Le racisme, Tom le subissait au quotidien et m’en racontait des bribes. - - « Tu te rends compte François, ces types en me voyant avec Catherine se sont dit : comment une belle fille comme ça peut être avec ce singe. Et il savait très bien que je pouvais les entendre ». Ce jour là, Tom s’est éclipsé sans un mot mais d’autres, il se battait pour faire valoir son droit au respect. Dans l’autre plateau de la balance, il y avait tous ces Blancs, fascinés par sa personnalité et son talent, prêt à se mobiliser pour l’aider. Profiter également de son aura et de sa notoriété. Il était sans cesse sollicité pour intervenir dans des spectacles ou faire part parfois de son expérience d’aborigène dans la ville auprès d’étudiant Blacks et urbains.

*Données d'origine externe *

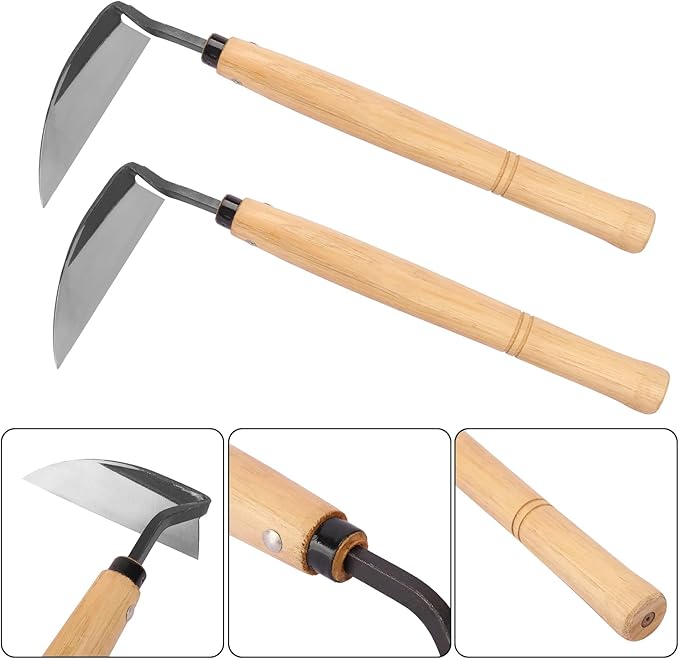 2 Pack Japanese Hand Weeding Sickle Garden Tools with Premium Composite Steel Curved Blade, Japanese Weeding Tools for Efficient Gardening, Planting, Landscaping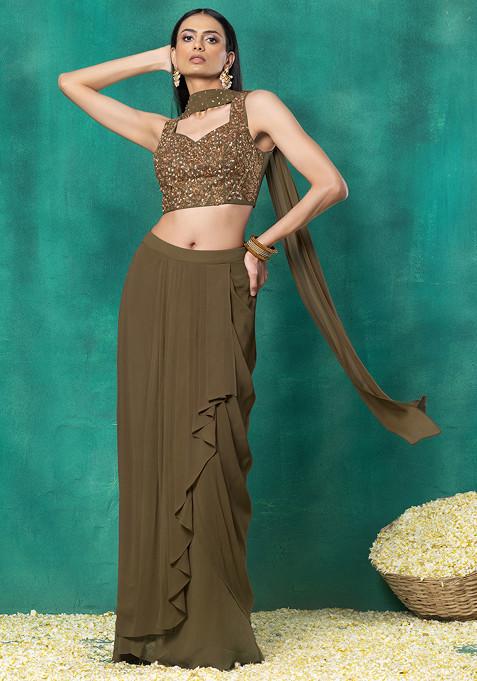 Copper Draped Lehenga Set With Floral Hand Embroidered Blouse And Choker Dupatta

Je me souviens avoir joué avec lui et les « Antropologists » dans un lycée réservé aux jeunes Aborigènes qui le regardaient avec adoration, lui, l’un des leurs, chef d’un orchestre de Blancs, à son son service. Ces collégiens était une bande d’élite, éduquée à l’européenne et prête à prendre des postes et des responsabilité dans la société australienne contemporaine. Une éducation entre soi pour ne pas avoir à subir l’ostracisme des autres. Ils étaient beaux dans leur costume de collégiens anglo-saxons, garçons et filles mélangés, face à Tom cet exemple d’intégration forcenée, de volonté de prouver, de créativité débordante. Tom ne voulais pas être un militant mais sa seule existence était plus efficace qu’un quelconque discours.
Il aurait pu devenir l’équivalent d’un James Brown, d’un Will Smith, d’un Omar Sy, s’il n’avait pas été accro à l’alcool. Mais comme tous les picoleurs, il devenait un connard pathétique dès qu’il avait sa dose et il la dépassait souvent. Combien de fois Catherine est-elle allée le récupérer au bord du coma éthylique. Combien de fois ai-je du annuler des rendez-vous importants parce qu’il n’était pas en mesure d’y assister. Pourtant quand il a rencontré son amoureuse suivante et que nos relations se sont distendues, il a arrêté de boire, a fondé une famille, retournant vers Darwin sur la terre de ses ancêtres. J'avais par la presse quelques nouvelles de lui parfois. Il tournait à Londres en 2015, une adaptation du Roi Lear . Et divine surprise, j’ai reçu de la SACEM une centaine d’euros, en paiement des droits d’auteur sur une chanson qu’on avait faite ensemble (Unfallen Rain), gravée sur son dernier album et diffusé à la radio.
La rupture entre nous s’est définitivement consommée lorsqu’à un de mes retours à Melbourne, j’apprends qu’une demande de subvention, sur laquelle j’ai beaucoup bossée a été acceptée. En mon absence, Il a tout dépensé en tournées générales et quelques guitares. 30 mille dollars claqués en quelques jours sans le moindre égard pour le projet qu’on était en train de mener et l’objectif qu’on avait assigné à cette subvention : officialiser les cours que je lui donnais depuis trois ans gratuitement et rémunérer enfin notre travail. La pilule est mal passée même si en gage de sa bonne volonté, il m’a offert un joli tableau. Je souris en y repensant. J’ai toujours le tableau et les guitares qu’il a acheté ces jours-là lui ont servi longtemps. Deux indices positifs d’une période amicale et créative... En 2018, Tom est mort. On ne s'est jamais revu depuis ces années passées ensemble. J'ai un pincement de coeur en pensant que ça ne sera plus possible.